As a thirty-year-old father of two, he thought the odds of his conscription were low; still he was in the auditorium on October 29, 1940, when his number came up seventh in the nation’s first peacetime draft. Commissioned a lieutenant in the U.S. Navy Reserves, he was assigned to a naval procurement unit. The financial education he acquired would prove invaluable in his postwar career, which included service as an officer of local banks and savings and loan associations. His service had other unexpected results. Shortly after Nordlinger left the service, a lawyer he knew from the Navy came to his office, still in uniform, and asked for a position after his imminent discharge. Nordlinger advised the man, Richard Milhous Nixon, to try his luck back in Whittier, California.
Another wartime connection proved more eventful. After the war, an electrical engineer who was his superior in a unit tasked with terminating naval contracts hired Nordlinger to reorganize his company. When he then asked him to become its general counsel, Nordlinger declined: he would have to move to Chicago, and, as he later put it, “my home was here.” Nonetheless, the engineer hired him to defend his company in a major antitrust prosecution. The experience Nordlinger acquired led to more antitrust cases, including a landmark case with the the National Football League as his client.
Ultimately, Nordlinger concluded such cases required a bigger staff than his firm possessed.

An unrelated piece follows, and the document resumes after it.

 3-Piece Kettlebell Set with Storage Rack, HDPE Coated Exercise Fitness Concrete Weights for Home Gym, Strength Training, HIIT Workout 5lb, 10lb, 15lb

The realization made apparent to him a path not taken. After the war, Jews and other ethnic outsiders long excluded from New York’s corporate law firms had no difficulty finding clients needing representation before the federal government. Starting from beginnings hardly less humble than Nordlinger’s, some had built major firm’s in the nation’s capital. At first, he later recalled, Henry Fox was just one of “two young boys in a one-room office of a man named Jesse Miller,” who had practiced in Washington since 1920. But Fox took “the risk of promising huge salaries to people who graduated from good schools” and acquired excellent reputations in government service. Today, his firm, Arent Fox, has hundreds of lawyers and a global reach, while King & Nordlinger is much smaller, with a local practice.
Nordlinger sometimes spoke of his failure to build a large firm with regret. “We never did that, and I would say it’s my fault,” he said on one occasion. “I didn’t have enough early training to have the depth of vision, the business horizons, to do what could have been done.” But the founders of Arent Fox were not native Washingtonians; in their formative years they were not inspired, as Nordlinger had been, by lawyers who were lions not only in the law but in the civic, religious, and philanthropic lives of their community. “When I was young and coming along,” he once explained, “I had great ambitions to be like so many lawyers” who modeled for him ideals of practice and of conduct. Nordlinger’s many professional honors and suggest he became such a model for others during his lifetime, and his career remains instructive today.